----- Recorded data
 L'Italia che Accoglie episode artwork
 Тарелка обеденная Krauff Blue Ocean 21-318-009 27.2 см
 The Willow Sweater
----------
----- Recorded data
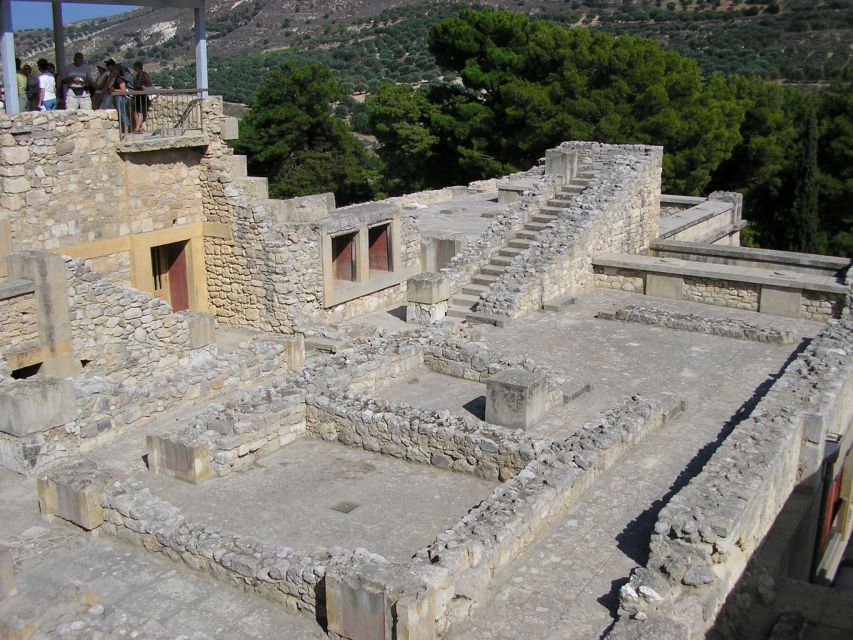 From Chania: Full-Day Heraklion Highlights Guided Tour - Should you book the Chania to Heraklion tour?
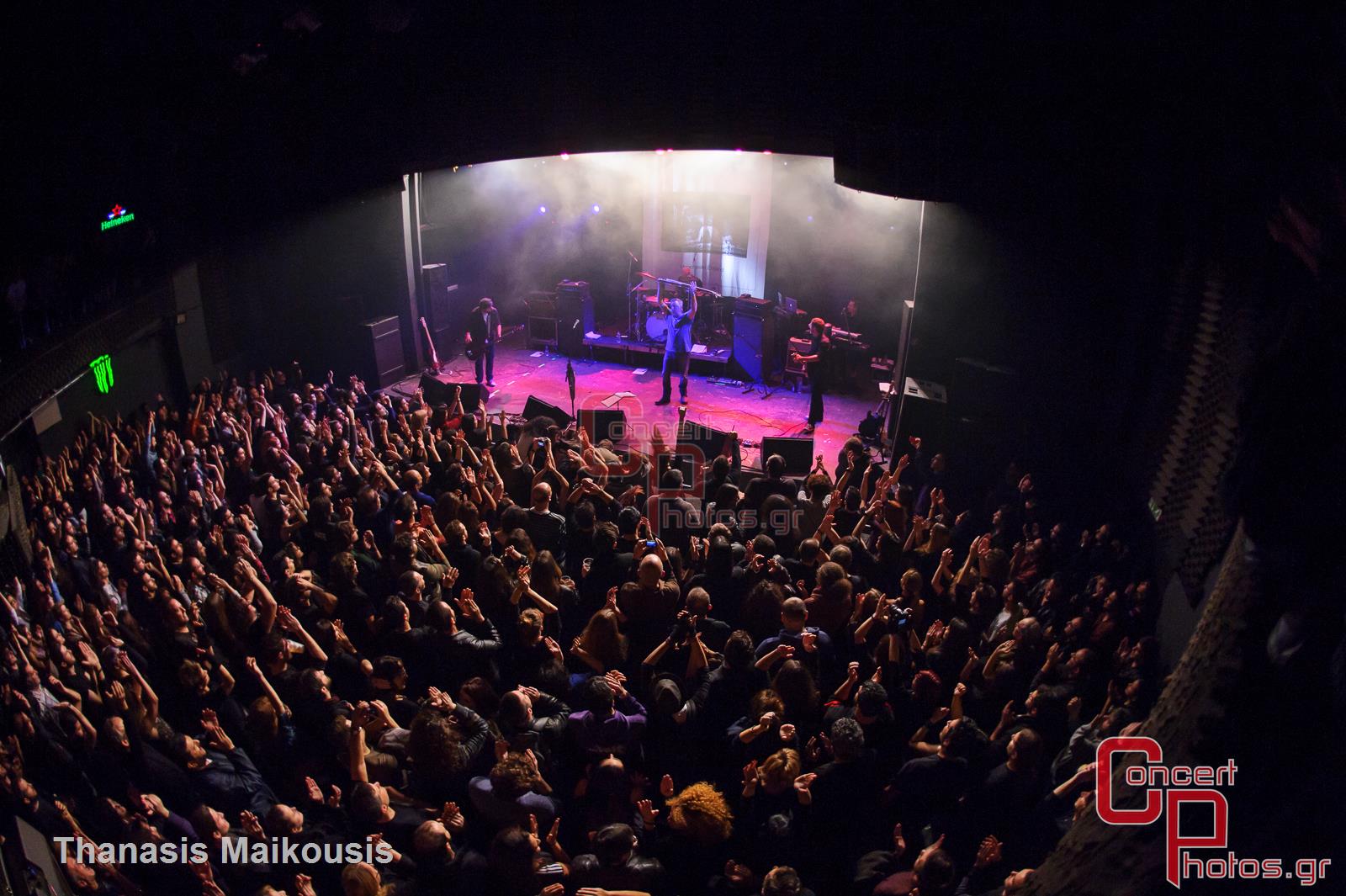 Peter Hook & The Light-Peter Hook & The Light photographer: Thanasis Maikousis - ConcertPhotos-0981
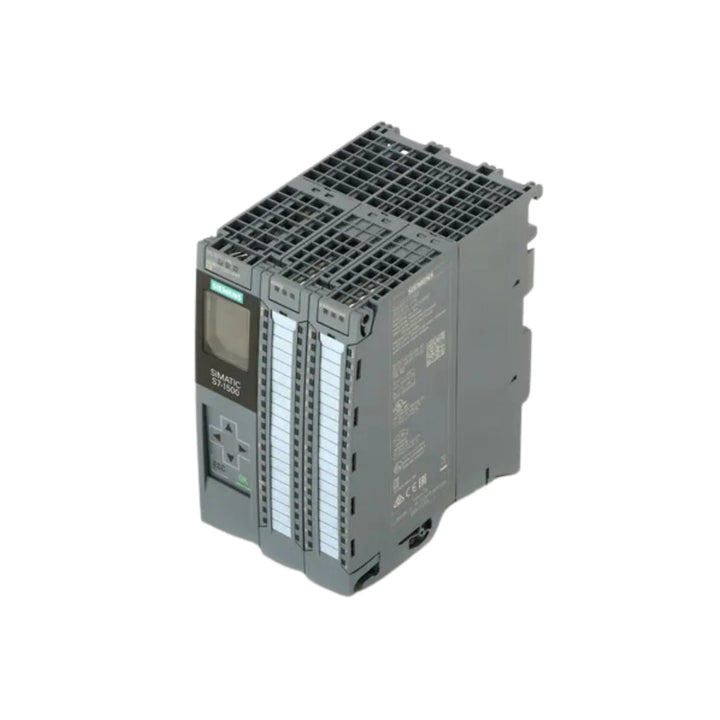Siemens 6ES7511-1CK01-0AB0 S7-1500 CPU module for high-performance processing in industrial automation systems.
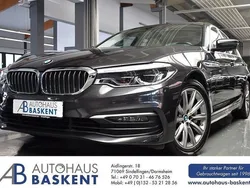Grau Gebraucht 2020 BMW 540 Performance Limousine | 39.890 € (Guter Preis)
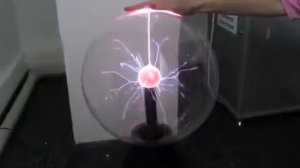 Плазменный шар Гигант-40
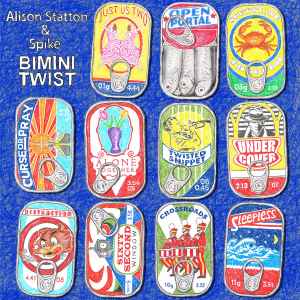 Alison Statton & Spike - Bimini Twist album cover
----------
----- Recorded data
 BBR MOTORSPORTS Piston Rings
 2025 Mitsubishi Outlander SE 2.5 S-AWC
----------
• _Task to carry out_: Your reply should hold nothing but the lines above, from the one containing "From Chania: Full-Day" to the one containing "Alison Statton &", reproduced exactly minus the pictures.

• _Exercise answer_:
 From Chania: Full-Day Heraklion Highlights Guided Tour - Should you book the Chania to Heraklion tour?
 Peter Hook & The Light-Peter Hook & The Light photographer: Thanasis Maikousis - ConcertPhotos-0981
Siemens 6ES7511-1CK01-0AB0 S7-1500 CPU module for high-performance processing in industrial automation systems.
Grau Gebraucht 2020 BMW 540 Performance Limousine | 39.890 € (Guter Preis)
 Плазменный шар Гигант-40
 Alison Statton & Spike - Bimini Twist album cover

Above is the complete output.